“Deus o conduzia pela mão como um mestre conduz seu discípulo” (Aut.)
Na história da Igreja muitos homens e mulheres viveram em atitude de permanente êxodo e disponibilidade, numa espécie de itinerância interior que, além de dar-lhes uma perene juventude, os converteu em vanguardas da história. Santo Inácio, através dos seus escritos, nos revela a experiência de alguém que viveu uma grande mobilização interna: foi impelido a lançar-se, romper fronteiras, assumir novos riscos, renovar-se sem cessar, adaptar-se às condições de tempo e lugar, tenacidade com uma boa dose de paixão.
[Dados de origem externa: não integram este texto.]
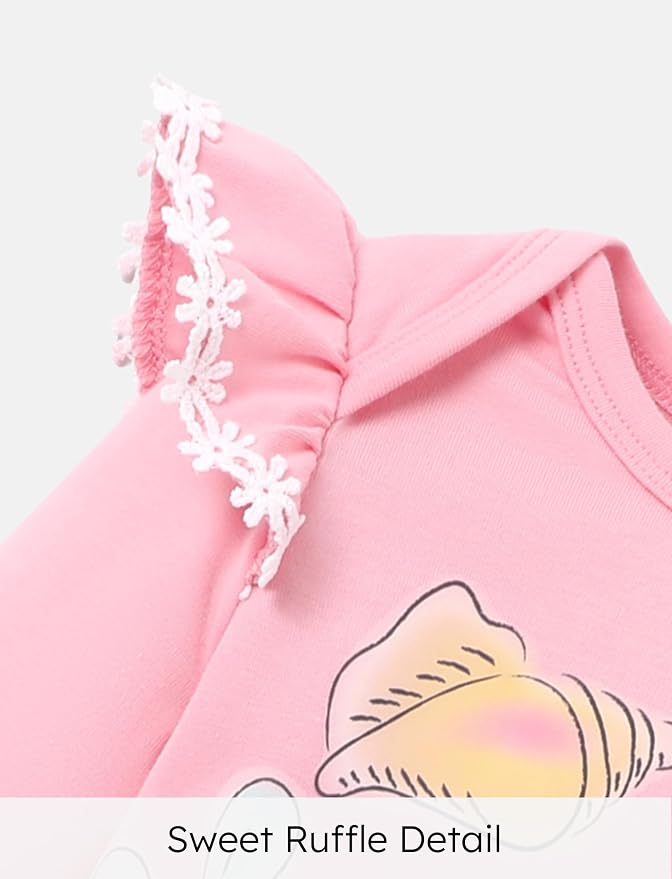 Disney Stitch Princess Minnie Winnie Marvel Baby Girls Ruffle Long Sleeve - Image 4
Porque foi homem “com uma visão que ia além de seu tempo”, Inácio nos revela, na sua vida, um caminho original, alternativo, criativo, diferente, contrastante com o da maioria. Não é uma via como as outras. Se não é anormal, é certamente não-normal. Sua vida é marcada por certa estranheza, não só face ao mundo mas também no seio da Igreja, porque sua existência está situada no umbral, no limite. Liminaridade remete ao termo latino “limes”, que significa caminho entre dois campos, no limite, e remete também ao termo “limen”, que se traduz por umbral, soleira. O “limes” é um lugar de relação, questionamentos, de novidade. É provocador, incitador, desperta a curiosidade, ele atua no nível das raízes mais profundas do nosso ser. Ali se geram as grandes experiências religiosas, ensinamentos e doutrinas, intuições poéticas ou artísticas, imaginação criadora, ideais vitais.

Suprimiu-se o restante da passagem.